*Exercise prompt*. What is needed is an exact retyping of the records below, from the first line through the line that contains "Позашляховик / Кросовер Toyota RAV4 2012 в Києві фото".

*Dataset records*.
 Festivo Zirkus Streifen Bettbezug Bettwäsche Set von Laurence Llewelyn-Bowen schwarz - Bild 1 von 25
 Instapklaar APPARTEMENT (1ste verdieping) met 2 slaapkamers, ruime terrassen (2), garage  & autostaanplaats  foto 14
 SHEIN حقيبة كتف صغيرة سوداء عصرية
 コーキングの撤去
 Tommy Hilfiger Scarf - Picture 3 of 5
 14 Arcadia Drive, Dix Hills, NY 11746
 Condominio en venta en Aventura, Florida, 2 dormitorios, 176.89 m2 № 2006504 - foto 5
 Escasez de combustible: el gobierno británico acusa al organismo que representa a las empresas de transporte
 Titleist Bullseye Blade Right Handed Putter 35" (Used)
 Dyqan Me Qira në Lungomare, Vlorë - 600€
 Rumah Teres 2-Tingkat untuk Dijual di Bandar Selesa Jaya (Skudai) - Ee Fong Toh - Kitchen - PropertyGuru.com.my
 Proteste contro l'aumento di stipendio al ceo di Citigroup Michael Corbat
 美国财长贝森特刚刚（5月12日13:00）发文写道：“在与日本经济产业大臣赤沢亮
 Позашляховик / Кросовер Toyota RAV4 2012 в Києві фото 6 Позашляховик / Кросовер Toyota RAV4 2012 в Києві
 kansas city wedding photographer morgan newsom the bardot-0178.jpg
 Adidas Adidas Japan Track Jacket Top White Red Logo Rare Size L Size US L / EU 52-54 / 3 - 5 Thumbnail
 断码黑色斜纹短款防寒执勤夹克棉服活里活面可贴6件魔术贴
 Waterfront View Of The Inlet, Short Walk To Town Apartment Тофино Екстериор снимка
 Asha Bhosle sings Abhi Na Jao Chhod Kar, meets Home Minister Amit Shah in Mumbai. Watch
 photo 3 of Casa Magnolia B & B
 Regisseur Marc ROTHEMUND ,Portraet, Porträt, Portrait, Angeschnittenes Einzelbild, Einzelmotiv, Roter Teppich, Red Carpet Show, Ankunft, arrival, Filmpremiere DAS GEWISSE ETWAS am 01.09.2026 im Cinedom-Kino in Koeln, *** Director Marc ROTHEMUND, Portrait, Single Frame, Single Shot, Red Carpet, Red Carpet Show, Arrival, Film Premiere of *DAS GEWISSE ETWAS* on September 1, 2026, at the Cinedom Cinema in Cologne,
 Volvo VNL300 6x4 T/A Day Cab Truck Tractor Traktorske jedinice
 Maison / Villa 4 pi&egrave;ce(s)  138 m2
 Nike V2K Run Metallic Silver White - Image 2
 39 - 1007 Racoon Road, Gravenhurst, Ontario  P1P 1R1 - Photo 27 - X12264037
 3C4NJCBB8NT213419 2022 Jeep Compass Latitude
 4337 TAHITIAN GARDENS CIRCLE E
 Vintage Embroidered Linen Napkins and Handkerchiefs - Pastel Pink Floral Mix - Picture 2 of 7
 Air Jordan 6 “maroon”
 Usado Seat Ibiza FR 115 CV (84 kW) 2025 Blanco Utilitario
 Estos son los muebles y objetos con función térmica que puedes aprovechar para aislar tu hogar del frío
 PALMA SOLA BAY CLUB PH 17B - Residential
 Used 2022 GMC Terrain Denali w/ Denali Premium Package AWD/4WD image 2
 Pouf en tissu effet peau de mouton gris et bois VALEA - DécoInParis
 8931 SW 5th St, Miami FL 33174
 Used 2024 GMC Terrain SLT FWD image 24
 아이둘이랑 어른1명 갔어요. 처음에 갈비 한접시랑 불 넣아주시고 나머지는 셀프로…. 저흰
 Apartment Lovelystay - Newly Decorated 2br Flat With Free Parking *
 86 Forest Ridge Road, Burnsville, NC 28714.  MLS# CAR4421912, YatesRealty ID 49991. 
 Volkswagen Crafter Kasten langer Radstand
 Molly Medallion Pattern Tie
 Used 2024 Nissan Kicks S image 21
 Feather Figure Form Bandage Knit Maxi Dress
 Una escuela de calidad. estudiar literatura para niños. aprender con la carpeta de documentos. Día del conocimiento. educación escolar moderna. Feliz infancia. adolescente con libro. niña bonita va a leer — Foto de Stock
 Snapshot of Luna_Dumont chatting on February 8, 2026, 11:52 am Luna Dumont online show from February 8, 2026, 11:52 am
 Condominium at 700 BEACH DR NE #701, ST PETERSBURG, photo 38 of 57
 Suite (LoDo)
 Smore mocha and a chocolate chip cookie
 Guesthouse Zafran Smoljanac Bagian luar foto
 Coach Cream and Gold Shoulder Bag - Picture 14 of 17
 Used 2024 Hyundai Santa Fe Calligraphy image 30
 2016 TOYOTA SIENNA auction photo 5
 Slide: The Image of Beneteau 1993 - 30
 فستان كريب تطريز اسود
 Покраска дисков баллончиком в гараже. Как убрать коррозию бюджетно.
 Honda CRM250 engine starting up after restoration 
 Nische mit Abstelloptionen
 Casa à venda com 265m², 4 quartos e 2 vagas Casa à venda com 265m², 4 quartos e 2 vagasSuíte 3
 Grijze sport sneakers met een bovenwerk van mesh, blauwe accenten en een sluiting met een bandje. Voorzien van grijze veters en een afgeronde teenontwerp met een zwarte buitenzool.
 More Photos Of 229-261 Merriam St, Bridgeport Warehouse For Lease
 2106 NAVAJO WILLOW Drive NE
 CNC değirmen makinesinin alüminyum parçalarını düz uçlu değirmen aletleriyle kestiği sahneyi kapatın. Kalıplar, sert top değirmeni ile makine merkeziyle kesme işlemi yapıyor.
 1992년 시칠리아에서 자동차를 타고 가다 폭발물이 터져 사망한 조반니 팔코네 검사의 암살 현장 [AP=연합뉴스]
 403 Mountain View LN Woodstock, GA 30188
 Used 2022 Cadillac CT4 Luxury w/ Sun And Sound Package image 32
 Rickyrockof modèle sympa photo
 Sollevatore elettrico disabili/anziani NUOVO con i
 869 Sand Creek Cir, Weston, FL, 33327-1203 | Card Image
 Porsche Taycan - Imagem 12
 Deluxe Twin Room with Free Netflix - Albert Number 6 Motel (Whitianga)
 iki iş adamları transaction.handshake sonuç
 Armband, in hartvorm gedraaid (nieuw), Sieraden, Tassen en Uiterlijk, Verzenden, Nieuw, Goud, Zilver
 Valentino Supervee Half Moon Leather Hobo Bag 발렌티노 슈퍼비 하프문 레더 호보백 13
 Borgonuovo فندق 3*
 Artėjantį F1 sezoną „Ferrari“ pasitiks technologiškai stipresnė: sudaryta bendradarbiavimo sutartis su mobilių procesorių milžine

*Output below*.
 Festivo Zirkus Streifen Bettbezug Bettwäsche Set von Laurence Llewelyn-Bowen schwarz - Bild 1 von 25
 Instapklaar APPARTEMENT (1ste verdieping) met 2 slaapkamers, ruime terrassen (2), garage  & autostaanplaats  foto 14
 SHEIN حقيبة كتف صغيرة سوداء عصرية
 コーキングの撤去
 Tommy Hilfiger Scarf - Picture 3 of 5
 14 Arcadia Drive, Dix Hills, NY 11746
 Condominio en venta en Aventura, Florida, 2 dormitorios, 176.89 m2 № 2006504 - foto 5
 Escasez de combustible: el gobierno británico acusa al organismo que representa a las empresas de transporte
 Titleist Bullseye Blade Right Handed Putter 35" (Used)
 Dyqan Me Qira në Lungomare, Vlorë - 600€
 Rumah Teres 2-Tingkat untuk Dijual di Bandar Selesa Jaya (Skudai) - Ee Fong Toh - Kitchen - PropertyGuru.com.my
 Proteste contro l'aumento di stipendio al ceo di Citigroup Michael Corbat
 美国财长贝森特刚刚（5月12日13:00）发文写道：“在与日本经济产业大臣赤沢亮
 Позашляховик / Кросовер Toyota RAV4 2012 в Києві фото 6 Позашляховик / Кросовер Toyota RAV4 2012 в Києві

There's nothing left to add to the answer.